§ RECORDS SHOWN:
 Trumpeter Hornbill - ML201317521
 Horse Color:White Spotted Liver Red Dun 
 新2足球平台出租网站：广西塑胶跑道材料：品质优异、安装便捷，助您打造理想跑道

...

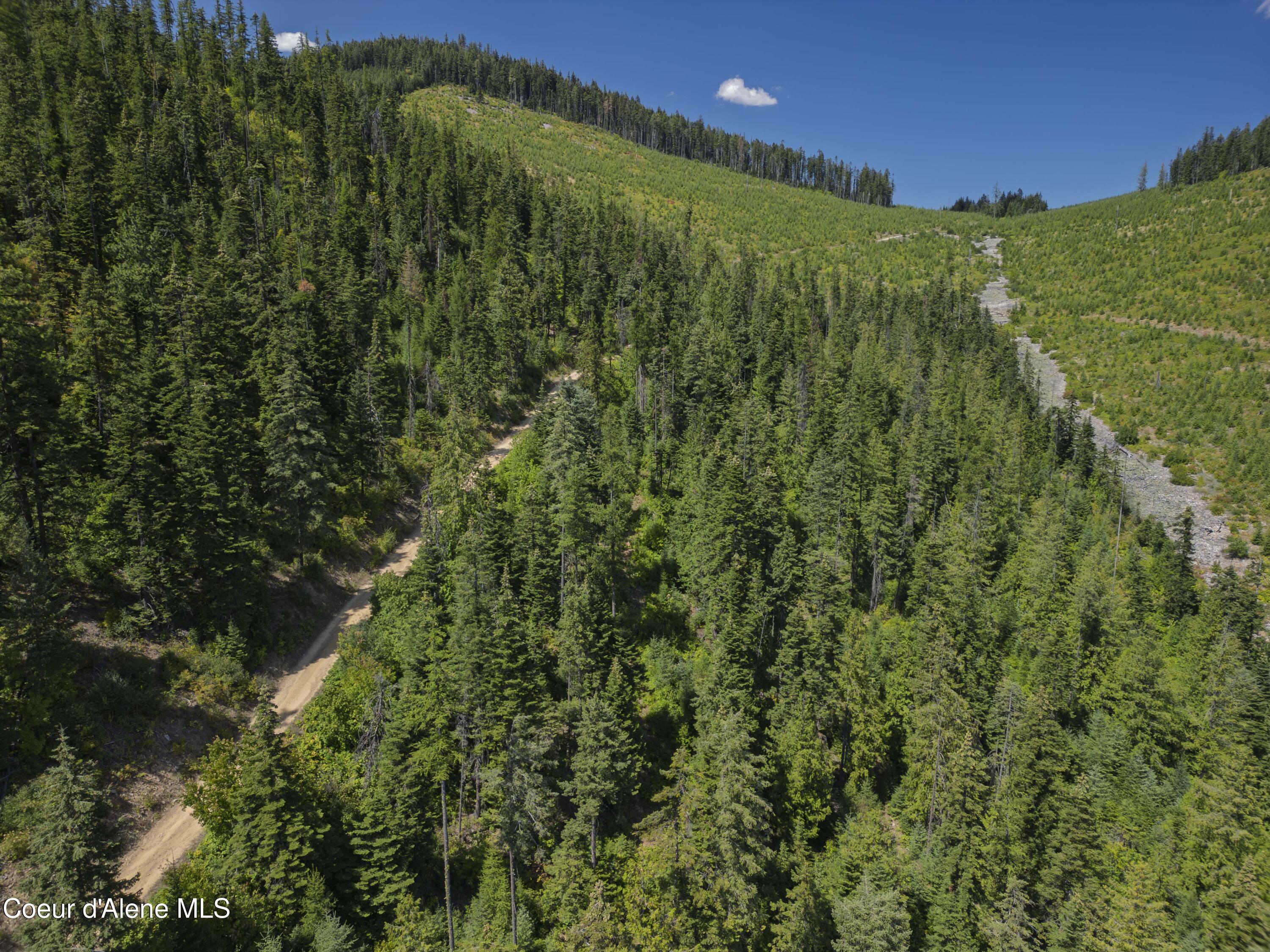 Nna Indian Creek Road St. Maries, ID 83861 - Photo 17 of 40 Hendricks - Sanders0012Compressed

§ EXERCISE PROMPT: Would you copy out exactly the lines above that start at the one containing "Trumpeter Hornbill - ML201317521" and end at the one containing "新2足球平台出租网站：广西塑胶跑道材料：品质优异、安装便捷，助您打造理想跑道", inclusive?

§ WRITTEN RESPONSE:
 Trumpeter Hornbill - ML201317521
 Horse Color:White Spotted Liver Red Dun 
 新2足球平台出租网站：广西塑胶跑道材料：品质优异、安装便捷，助您打造理想跑道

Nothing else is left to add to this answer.